If we run this function on the Target varible the output will be

13:37:54.273    TestScript      Proba1 0.35714285714285715
13:37:54.273    TestScript      Proba1 0.6428571428571429
13:37:54.273    TestScript      Entropy of the entire dataset = 0.9402859586706309

B A M

Now we know the entropy of the entire dataset which is basically the entropy of the values of y, and we have the function to find the entropy in hand. Let's find the entropy of each and every column in the dataset.

Now that we have the entropy of the entire dataset, The Next Step is to Find the Entropy of Members Inside Each Independent variable column, The aim of finding this kind of entropy in independent variables is to help us find the Information gain, for each data column.

Before we use our Library to find the Entropy of the Outlook column let's calculate it by hand so that you can get a clear understanding on what is being done.

We take the column outlook in comparison to its target variable.

Outlook vs PlayTennis Column

outlook vs playtennis

Unlike how we did find the Entropy of the Entire dataset which is also referred to as the Entropy of the Target variable, To find the Entropy of an Independent variable we have to refer it to the Target variable since that is our goal,

Values in Outlook

We have 3 different values which are Sunny, Overcast and Rain. we have to find the entropy of each of these values with respect to their target variable

Samples(Sunny) (positive and negative samples of Sunny) = [2 Positive (The Yes's), 3 Negative(The No's)]

Now that we have the number of positives and negatives, The Probability of Yes Playing Tennis in a sunny day will be

probability1= 2(number of times Yes appeared) / 5(total number of sunny days)

so 2/5 = 0.4

In Contrast

The probability of not playing on sunny day will be 0.6 i.e. 3/5 = 0.6

Finally, the entropy of playing in sunny day will be, refer to the formula

Entropy(Sunny) = - (P1*log2P1 + P2*log2P2)
Entropy(Sunny) = -(0.4*log2 0.4 + 0.6*log2 0.6)

Entropy(Sunny) = 0.97095

Now let's find the entropy of Overcast

Samples in overcast.

Positive samples 4 (samples with Yes in the Target column), Negative samples 0 (samples with No in the Target column). This Situation is an exception.

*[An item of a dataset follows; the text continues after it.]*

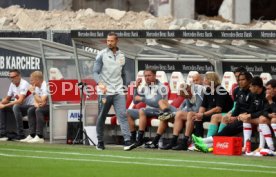 03.09.22 VfB Stuttgart - FC Schalke 04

Exceptions in the ID3 Algorithm

When it happens that there is zero (0) negative samples while there are positive samples or the opposite, there is zero (0) positive samples meanwhile there are negative samples, whenever this happens the Entropy is bound to zero(0).

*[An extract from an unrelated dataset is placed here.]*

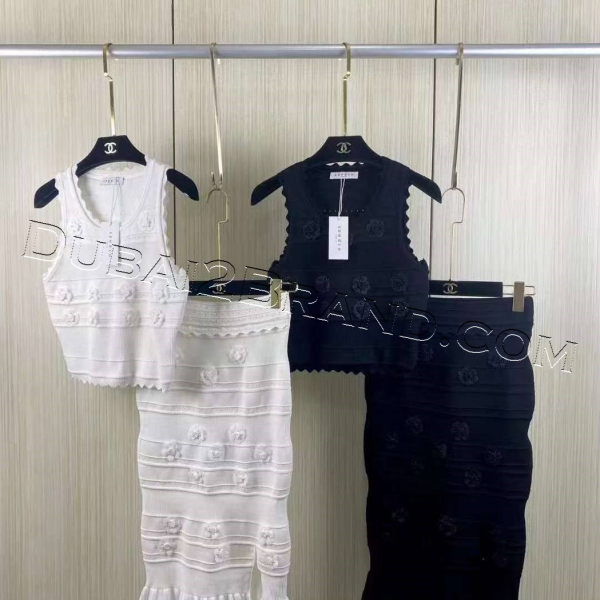 photo_37_2024-10-13_00-12-03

We say that is a pure node, there is no need of splitting it since it has homogenous samples you will understand more what I mean by this when we draw a tree.

Another exception is:

When it happens that is an equal number of Positive Samples and Negative Samples, mathematically the entropy will be one (1).

The only exception that we must handle effectively is when there is zero value in samples because zero may lead to zero divide here is the new function, with the ability to handle such exceptions.

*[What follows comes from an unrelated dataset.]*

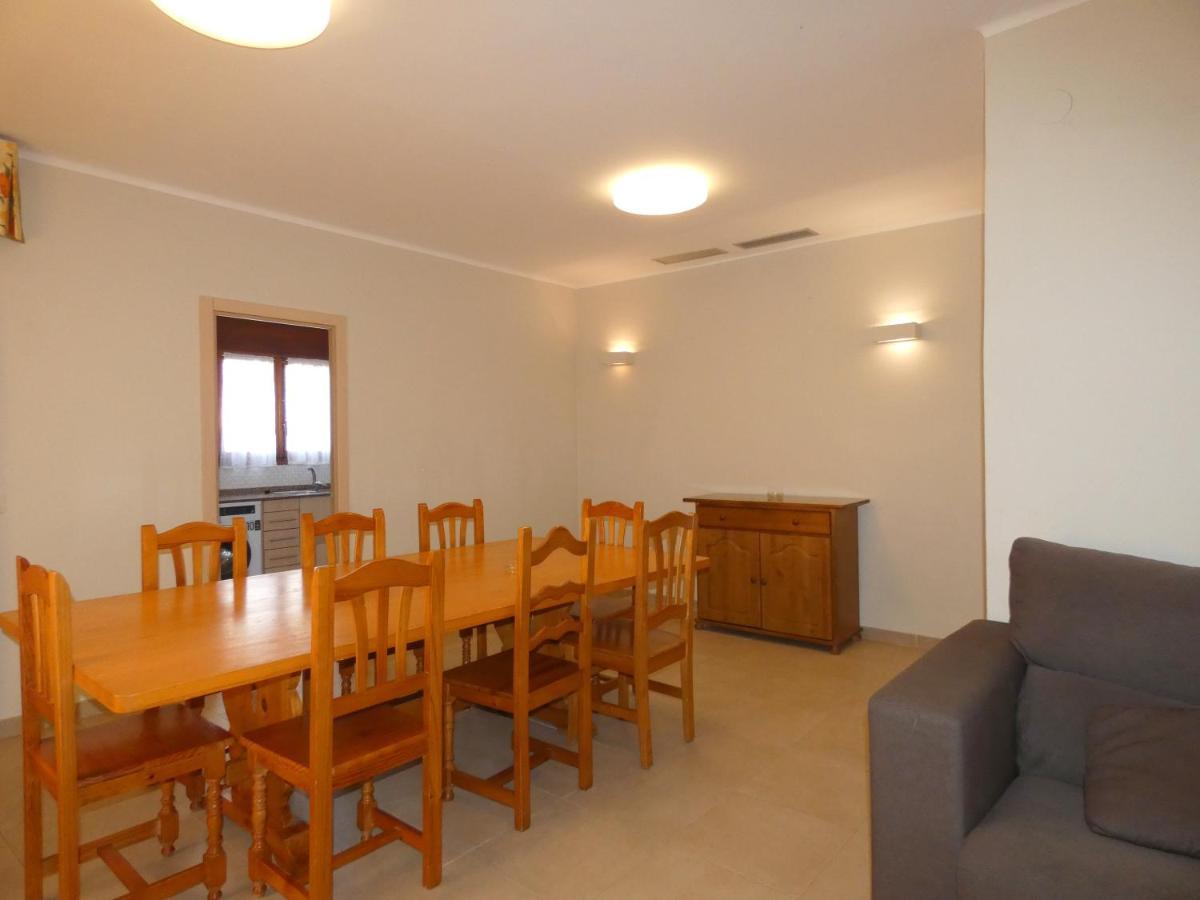 Villa Rentalmar Cristina Families Only *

double CDecisionTree::Entropy(int &SampleNumbers[],int total)
 {
    double Entropy = 0;
    double entropy_out =0; //the value of entropy that will be returned
     
     for (int i=0; i<ArraySize(SampleNumbers); i++)
        {       
            if (SampleNumbers[i] == 0) { Entropy = 0; break; } //Exception
            
              double probability1 = Proba(SampleNumbers[i],total); 
              Entropy += probability1 * log2(probability1);
        }
     
     if (Entropy==0)     entropy_out = 0;  //handle the exception
     else                entropy_out = -Entropy;
    
    return(entropy_out);
 }

Lastly, let's find the Entropy of Rain

Rain Samples;

There are 3 positive Samples (Samples with Yes in the Target column).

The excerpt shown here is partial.